Every day I read the news, even if they don’t seem to change. I’m a news junkie. I admit it. I feel the need to be informed but it often depresses me and makes me feel helpless and frustrated. Then Russia, led by the misanthropic, little man in the Kremlin invaded their neighbour Ukraine in February 2022. Suddenly the virus took second place and incredibly the world united in condemning the rouge invasion. 4 million refugees, 10 million displaced and made homeless, thousands dead and dying. This in the 21st Century? It’s a humanitarian and environmental catastrophe, perpetuated by a sociopath.
Then vaccine mandates were lifted due to the high vaccine rates and the toll on the healthcare systems seemed manageable. We could once again move around without vaccine passports or other restrictions and almost everybody went back to school or to work at the office. We were in Europe in the summer of 2022 and nobody anywhere ever mentioned the pandemic. Like it never existed.
To take the vaccine was an easy choice since it was first and foremost to safeguard those around me, the community, and by osmosis myself. The same applies to the booster which has become a necessity with the onslaught of Omicron in the fall of 2021, which some compare to a viral blizzard, once again plunging us into a dystopian existence with restrictions, travel mandates and rules. Despite being vaccinated.
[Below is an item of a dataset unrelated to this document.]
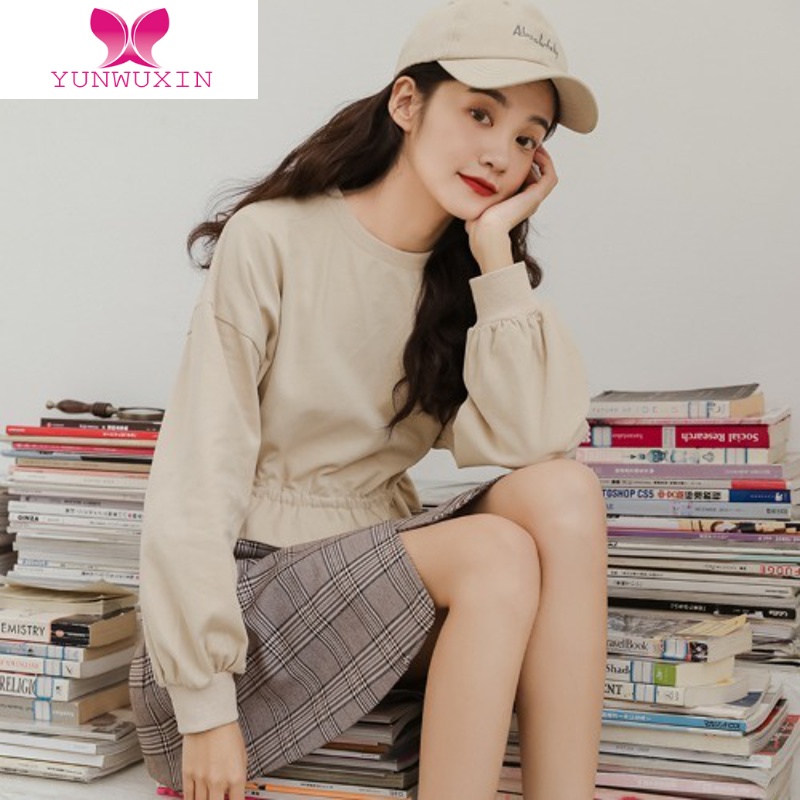 YUNWUXIN2022年新款早秋季长袖t恤女装上衣春内搭打底衫短款卫衣冬小个子T恤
Do the vaccines change the big picture? I think yes. My mobility and sense of freedom is certainly enhanced. Can we declare the pandemic over as death rates and hospital stays diminish due to vaccinations and recovery immunity? New variants and mutations invariably will pop up, taxing an extremely fatigued, divided and frustrated population. Just take a look at China which has locked down a third of its population in a frenzied effort to contain the virus, pursuing a failing zero-covid policy.
It’s a hard world for so many and we all need to take a step back and try and see the big picture. Dr. Bonnie Henry first coined the guiding principle behind her philosophy: be kind, be calm and be safe which has now morphed into recovery, readiness and respect. I think that sums it up nicely and I just wish we could all just embrace this creed.
P.S. Ironically both my wife and I now contracted the virus, even after having had our 5th shot but it’s like a mild cold. We dropped our Covid-awareness that we had one year ago The symptoms are mild and basically an annoyance but a reminder how virulent and contagious this intracellular parasite is.